Can anyone confirm or disprove my hypothesis that first-declension neuters were defective in the nominative/accusative/vocative plural? If I'm wrong, how were the plurals formed: with -a or -ae?


I just found that Nouvelle méthode pour apprendre facilement la langue latine, by Claude Lancelot (? et al?), which I quoted in my previous question about Pascha, includes this word in a list of "those nouns which, as grammarians say, are not used in the plural, though we sometimes meet with examples to the contrary" (p. 150, A New Method of Learning with Facility the Latin Tongue, translated from the French by T. Nugent, 1791).

Nugent's translation says

Pascha, is ranked in this number [of nouns found only in the singular] by Aldus and by Verep [I think this is Simon Verep(a)eus/Verrept]. Yet Vossius thinks we may say tria Pascha, or tres Paschas Christus celebravit.

(p. 155; here is a link to the original French passage, p. 180)

I assume tres Paschas would be feminine, rather than masculine, so that part doesn't really teach me anything new (since I already knew that some authors use Pascha as a feminine noun of the first declension). But tria Pascha is evidence that Vossius at least preferred to use a plural form identical to the singular when the word is neuter (and not given the stem Paschat-).

There are neuter plural forms ending in -gena (although I don't know whether they are first or second declension forms)
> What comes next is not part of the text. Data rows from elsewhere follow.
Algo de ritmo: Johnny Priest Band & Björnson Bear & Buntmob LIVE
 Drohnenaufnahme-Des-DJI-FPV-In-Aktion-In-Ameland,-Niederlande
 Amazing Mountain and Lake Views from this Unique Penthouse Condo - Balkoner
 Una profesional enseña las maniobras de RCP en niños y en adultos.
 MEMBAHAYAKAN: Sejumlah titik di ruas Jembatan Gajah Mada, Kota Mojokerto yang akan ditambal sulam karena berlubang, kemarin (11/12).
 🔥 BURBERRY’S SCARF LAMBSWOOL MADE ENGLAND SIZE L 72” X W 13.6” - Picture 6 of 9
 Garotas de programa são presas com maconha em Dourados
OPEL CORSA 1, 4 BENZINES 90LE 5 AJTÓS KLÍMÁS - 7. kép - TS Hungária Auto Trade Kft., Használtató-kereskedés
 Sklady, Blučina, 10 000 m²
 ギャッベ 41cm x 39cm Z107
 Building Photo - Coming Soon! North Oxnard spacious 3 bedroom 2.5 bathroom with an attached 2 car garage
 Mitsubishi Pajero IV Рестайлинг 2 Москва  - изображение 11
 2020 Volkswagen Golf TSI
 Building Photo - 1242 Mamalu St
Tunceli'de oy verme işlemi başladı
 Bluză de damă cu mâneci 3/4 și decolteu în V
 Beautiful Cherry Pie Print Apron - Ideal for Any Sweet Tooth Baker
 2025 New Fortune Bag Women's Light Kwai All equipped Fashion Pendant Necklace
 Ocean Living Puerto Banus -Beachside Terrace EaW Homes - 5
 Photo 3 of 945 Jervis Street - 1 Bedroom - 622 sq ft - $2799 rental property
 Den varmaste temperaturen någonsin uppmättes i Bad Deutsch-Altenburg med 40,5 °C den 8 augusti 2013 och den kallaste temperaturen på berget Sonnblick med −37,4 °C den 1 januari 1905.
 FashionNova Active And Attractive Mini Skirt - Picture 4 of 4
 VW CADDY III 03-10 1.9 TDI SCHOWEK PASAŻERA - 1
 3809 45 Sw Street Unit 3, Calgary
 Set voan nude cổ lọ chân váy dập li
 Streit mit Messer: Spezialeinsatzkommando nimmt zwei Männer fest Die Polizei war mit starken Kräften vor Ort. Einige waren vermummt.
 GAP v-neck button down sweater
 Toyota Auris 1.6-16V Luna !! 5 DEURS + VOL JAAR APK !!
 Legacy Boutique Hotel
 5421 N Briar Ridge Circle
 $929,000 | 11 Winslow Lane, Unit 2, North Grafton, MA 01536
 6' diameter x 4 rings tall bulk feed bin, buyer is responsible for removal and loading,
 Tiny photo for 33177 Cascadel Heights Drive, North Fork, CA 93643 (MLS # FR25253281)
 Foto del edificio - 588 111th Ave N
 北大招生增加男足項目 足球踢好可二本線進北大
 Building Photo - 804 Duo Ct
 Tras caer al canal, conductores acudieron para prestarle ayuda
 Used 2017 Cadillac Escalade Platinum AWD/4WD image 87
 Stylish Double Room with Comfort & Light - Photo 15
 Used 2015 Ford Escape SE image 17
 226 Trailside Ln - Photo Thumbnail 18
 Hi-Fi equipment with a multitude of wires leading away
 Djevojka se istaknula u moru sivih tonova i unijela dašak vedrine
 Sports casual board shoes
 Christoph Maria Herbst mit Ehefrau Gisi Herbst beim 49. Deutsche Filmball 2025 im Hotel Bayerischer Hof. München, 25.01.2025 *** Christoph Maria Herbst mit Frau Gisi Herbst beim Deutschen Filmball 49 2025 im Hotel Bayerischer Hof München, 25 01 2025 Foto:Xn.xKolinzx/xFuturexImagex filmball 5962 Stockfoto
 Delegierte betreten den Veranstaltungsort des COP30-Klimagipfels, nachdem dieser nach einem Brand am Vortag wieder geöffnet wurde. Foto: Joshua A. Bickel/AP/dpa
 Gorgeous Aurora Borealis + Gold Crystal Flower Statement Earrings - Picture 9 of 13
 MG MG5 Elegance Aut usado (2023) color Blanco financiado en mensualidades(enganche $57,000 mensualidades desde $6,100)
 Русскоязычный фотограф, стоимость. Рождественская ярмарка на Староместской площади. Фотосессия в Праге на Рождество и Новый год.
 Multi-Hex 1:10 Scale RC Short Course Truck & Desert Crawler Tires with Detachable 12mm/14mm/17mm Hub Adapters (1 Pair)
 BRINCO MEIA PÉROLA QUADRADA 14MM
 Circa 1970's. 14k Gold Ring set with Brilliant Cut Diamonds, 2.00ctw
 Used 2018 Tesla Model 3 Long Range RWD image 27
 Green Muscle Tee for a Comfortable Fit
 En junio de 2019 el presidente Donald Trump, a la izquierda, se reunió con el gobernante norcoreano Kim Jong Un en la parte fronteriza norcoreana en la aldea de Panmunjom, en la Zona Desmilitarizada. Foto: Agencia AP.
It's a bit hard for me to figure out the situation with first-declension adjectives because many of them seem to have had alternative second-declension forms used for the masculine and neuter, such as indigenus and alienigenus. Unfortunately, neuter nominative/accusative forms ending in -a are morphologically ambiguous: while they might be the first-declension forms that I speculated could exist in my original post, they might also just be second-declension forms. So the following evidence does not establish the existence of a specifically first-declension neuter plural ending -a for adjectives of this type.

The Latin Lexicon/Numen entry for aliēnigenus, aliēnigena, aliēnigenum mentions two examples of the form aliēnigena being used by Valerius Maximus to modify a neuter plural noun. Here are the relevant sentences as given by the PHI Latin Texts corpus:

  • Adici nostris duo eiusdem generis alienigena exempla non absurde possunt.

    (Facta et Dicta Memorabilia 1.5(ext).1.1)

  • quas Athenas, quam scholam, quae alienigena studia huic domesticae disciplinae praetulerim?